#585 was: Quick update

[Dirk Hohndel]

On Thu, Jul 03, 2014 at 04:36:15PM +0200, Robert Helling wrote:
> 
> On 03.07.2014, at 15:58, Dirk Hohndel <dirk at hohndel.org> wrote:
> 
> >> 1) A minor one: the “going back in time” is done as a loop with 
> >> 
> >> 	while (i && —i)
> >> 
> >> where i is the index in the dive list. Here, it seems to me i==0 is a perfectly fine value, it is the first entry in the dive list. So the condition should rather be
> >> 
> >> 	while (i >= 0 && --i >= 0)
> > 
> > Yes, but that's equivalent to what we have.
> > while (i && --i) allows i = 1 which gets decremented to 0 before the loop
> > starts.
> > 
> >> Could somebody please confirm/refute this?
> > 
> > refute :-)
> 
> Ahm. I thought the difference is whether the loop runs with the value
> i==0 (which is a perfectly fine number for an index of the dive list).
> Do you still hold to your refutation?

But of course.
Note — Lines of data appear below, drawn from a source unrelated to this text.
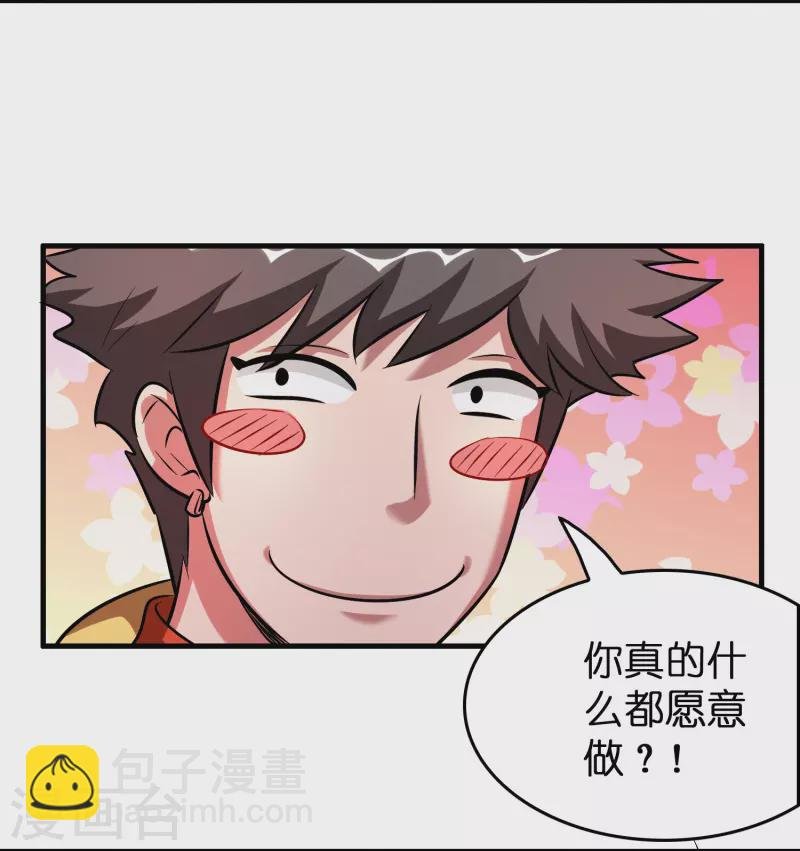 第39话 你们在房里干什么？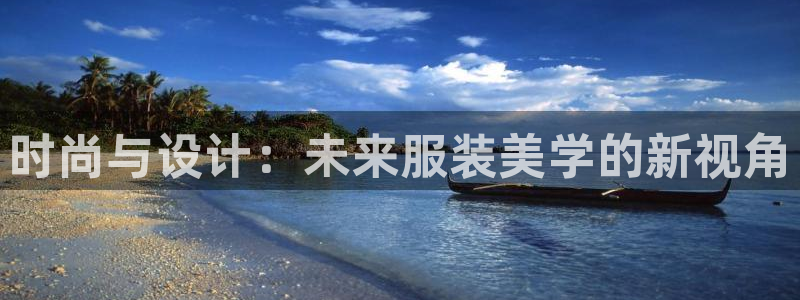 欧星在线娱乐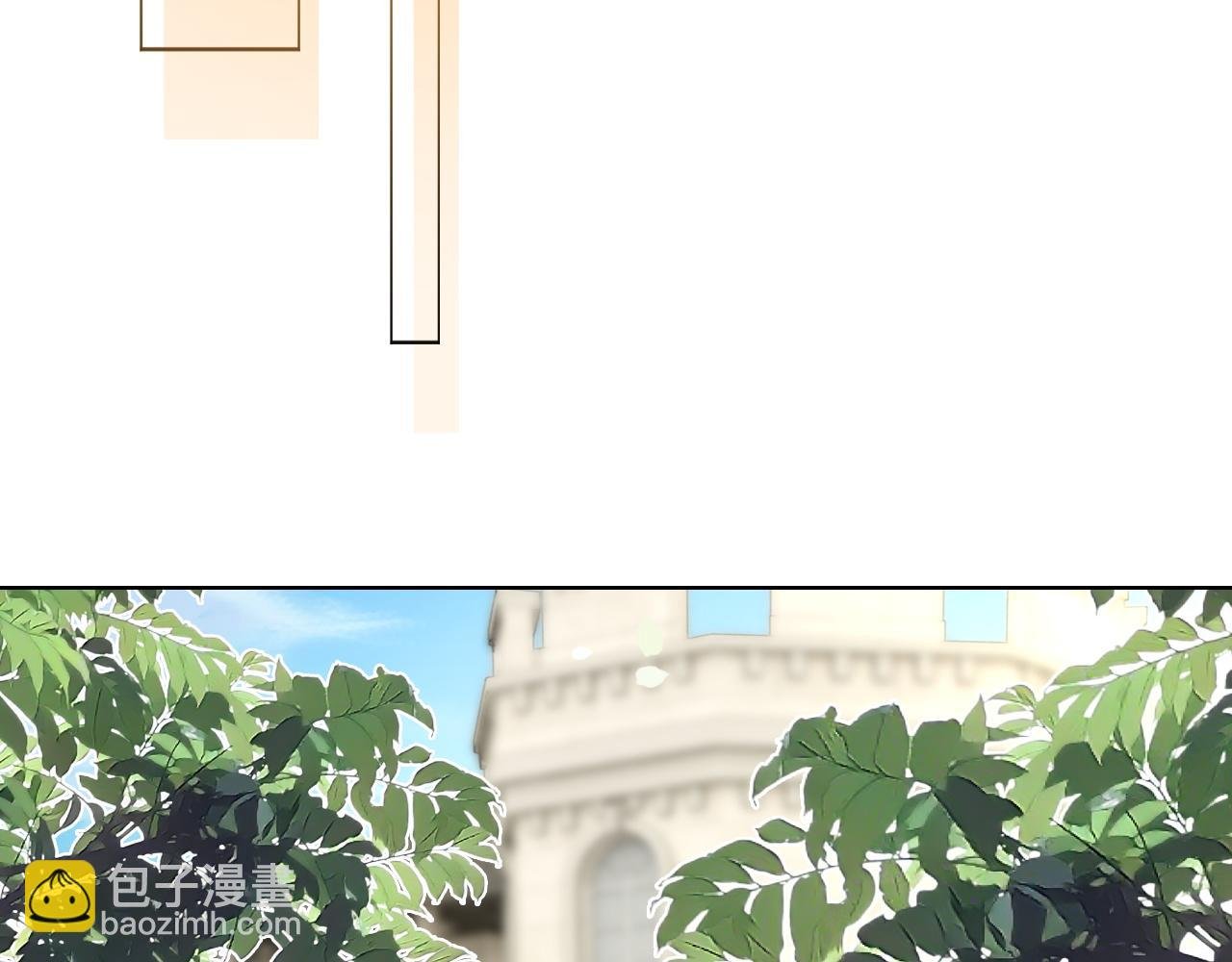 第125话 允允超记仇！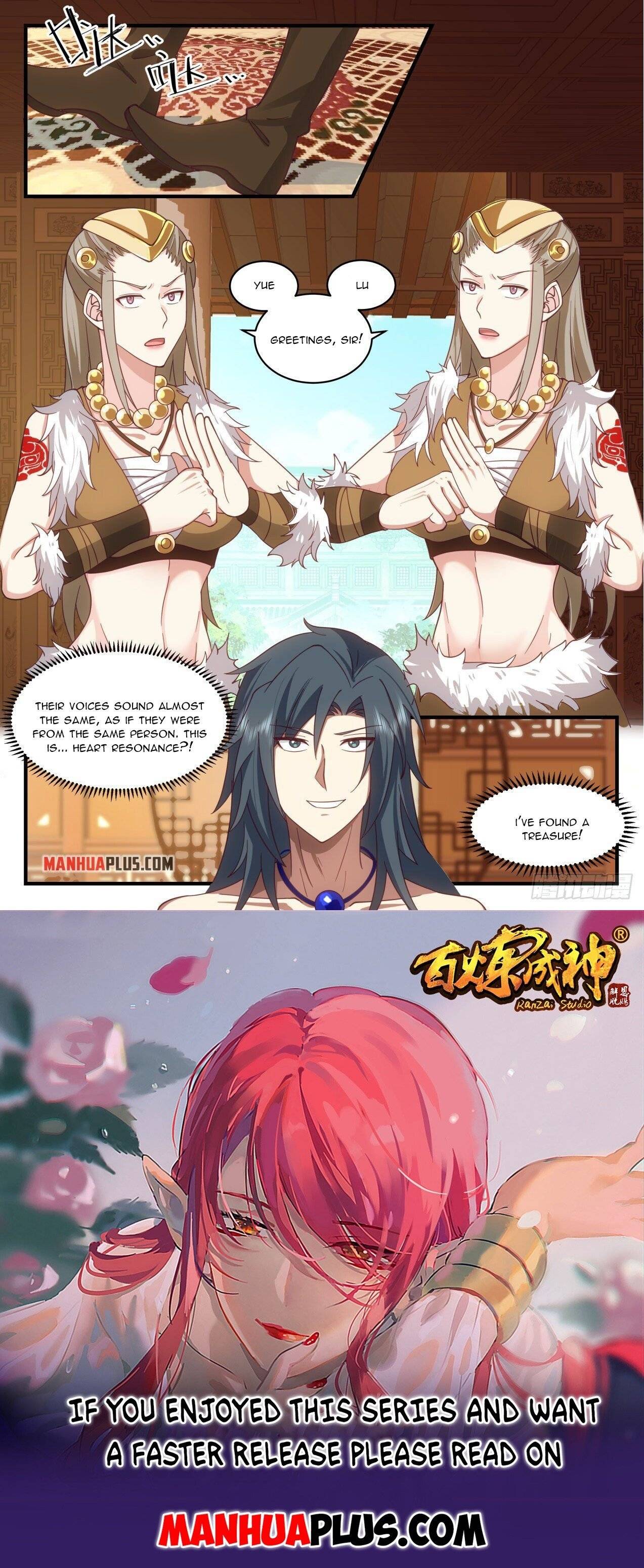 Page 12 of Chapter 2017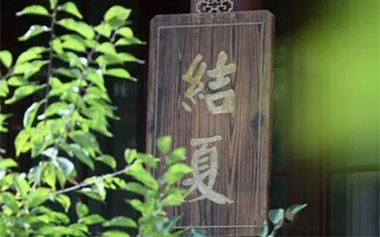 佛教丛林殊胜的节日：结夏安居！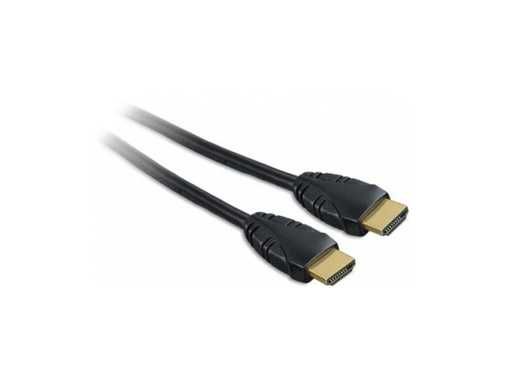 Кабель ProLink HDMI / HDMI (EL27С-1500) 15м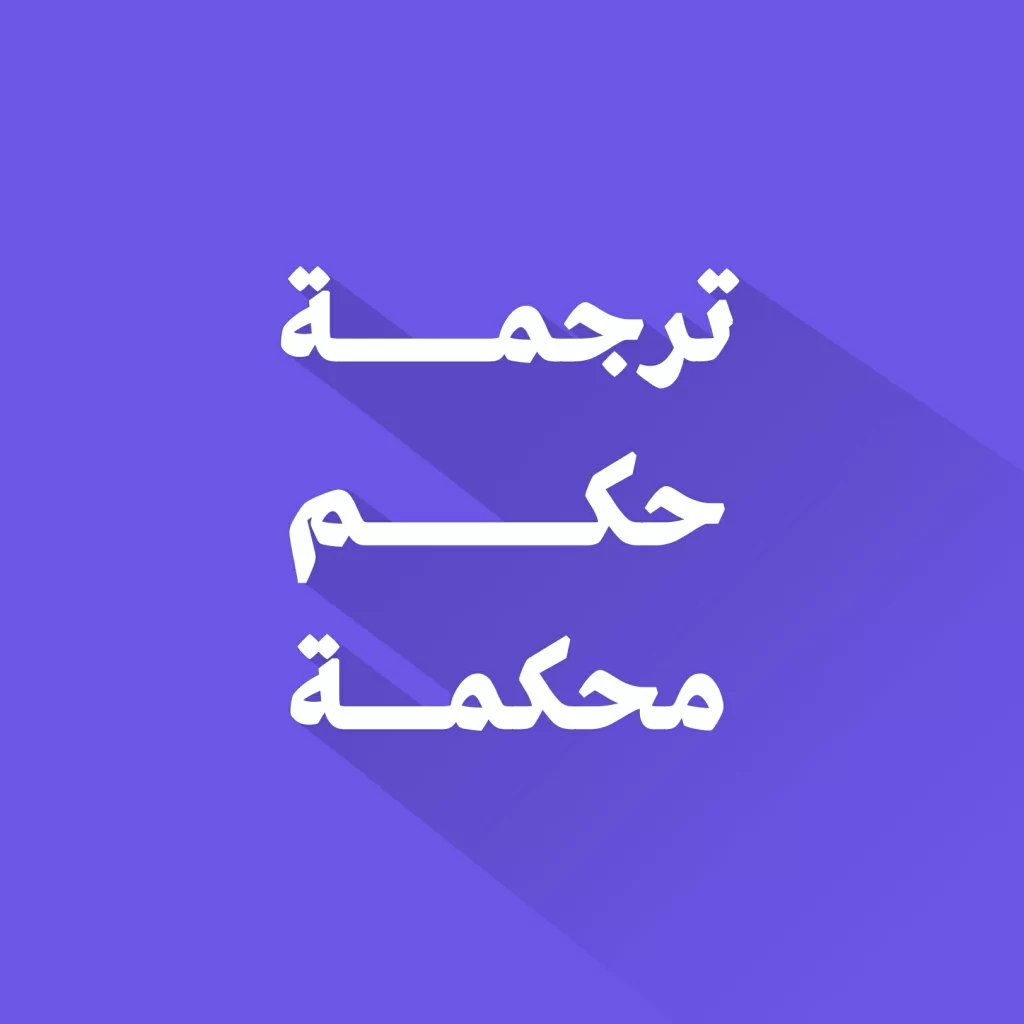 ترجمة حكم محكمة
Here's the code:

        divenr = get_divenr(dive);
	when = dive->when;
	i = divenr;
	while (i && --i) {
		struct dive *pdive = get_dive(i);

if we have a dive in the divelist, then get_divenr will give us a
non-negative divenr.
If divenr is 0 (first dive), then the while condition will FAIL because
there is no previous dive pdive that we could look at (--i will be -1)
If divenr is >0, then the while condition will be true and pdive will
indeed be the previous dive.
And if the divelist is empty (or dive is NULL) get_divenr will give us -1
and the while condition will also be false.

So to condens my answer: no, i=0 is NOT a valid number on which to enter
the loop as then --i turns it into -1 and pdive would become NULL. i=1 is
perfectly fine (second dive in the list), pdive will be get_dive(0) and
therefore the first dive.

The difference is that it's perfectly fine to have i=0 AFTER the --i, but
not before it...

Any more questions?

/D